There are more ways than ever to buy programmatic, and lot of them don’t mean turning to the Wild West of the open exchanges. Microsoft director of programmatic advertising Esco Strong described two distinct buying methods that bring programmatic targeting into the direct relationships that advertisers and publishers are used to. On one hand there’s what he calls “programmatic guaranteed,” where a buyer plugs a buying platform directly into a publisher’s inventory, and gets a first look at all the impressions that go up for sale. Unlike a standard digital bulk buy, they only pay for impressions that meet a set of agreed-upon audience criteria. Those that don’t are passed down the chain to buyers on networks and exchanges.

Then there’s what Strong called “RTB direct” – programmatic auctions that have been modified to include only a handful of approved buyers, or only a single buyer, who have negotiated with the seller ahead of time. In an afternoon presentation, SiteScout co-founder Matt Sauls gave an in-depth explanation of how this kind of buying works. Rather than having the buyer plug into the publisher directly, which can be technically difficult and cumbersome, RTB direct buying happens on the same exchanges that typical RTB trading does; but select buyers have a special key, called a Deal ID, which lets them into a private backroom where closed auctions happen. In some cases, a buyer can negotiate exclusive access to an auction – meaning they get the same kind of first-look, negotiated-price access that guaranteed buyers do.
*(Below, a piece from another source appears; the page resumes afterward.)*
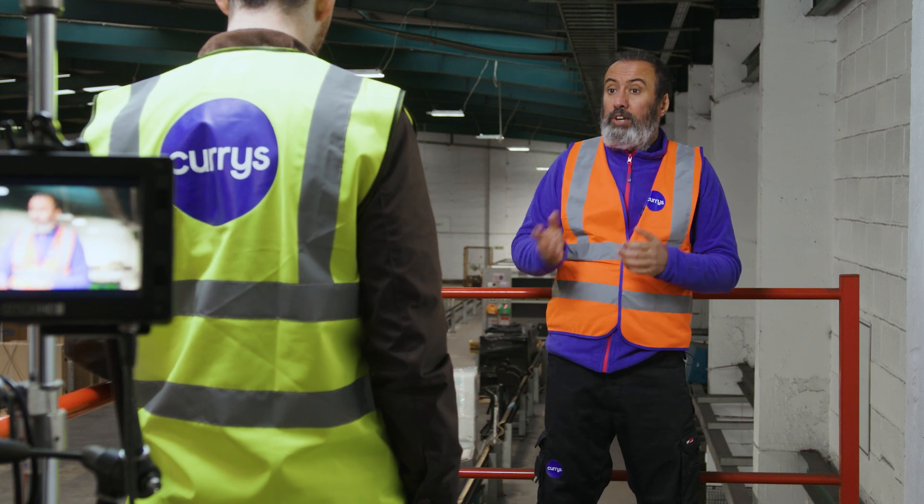If you've asked us to recycle your old appliance when we deliver the new one, it must be disconnected by a trained electrician before we visit. If you've asked us to install the new one, don't worry — we'll take care of everything.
Sauls said most exchanges still have to build the proper interface for buyers to access Deal ID-based auctions, but that a lot of industry experts expect it to be a big deal when it’s ready.

CPAX 2.0 is on the way

The day ended with a panel of top ad sales executives for Rogers, Shaw and CBC – the three founding publishers behind the Canadian Premium Audience Exchange (CPAX) – who announced that CPAX would be shutting down and restructuring its technology and business model.

“Think of it as a reset,” said Andrew Casale, vice-president strategy for Casale Media, who also sat on the panel. Although it is expected Casale Media will be a major technology partner for the new exchange, the company has not confirmed its involvement.

CBC director of digital sales Rebecca Shropshire spoke plainly about how CPAX’s “set it and forget it” philosophy didn’t pan out. “What we’re finding is it still requires a sales call,” she said. “It still requires that relationship-building with the agency trade desk or the client directly, to show them how to best leverage and purchase our inventory.”

Going forward, CPAX will have more active leadership and a dedicated sales team, the executives said.

They also discussed buyers’ concerns about fraudulent and non-viewable ads, and hinted at issues with the quality of the ads that landed on CPAX publishers’ sites.

“We’re a young industry still, and we’ve been finding our legs in the programmatic space,” said Shropshire. “But I think it’s time we mature a little bit. I think at large we need to think about cleaning up the neighbourhood so there’s a better place for our kids to play.”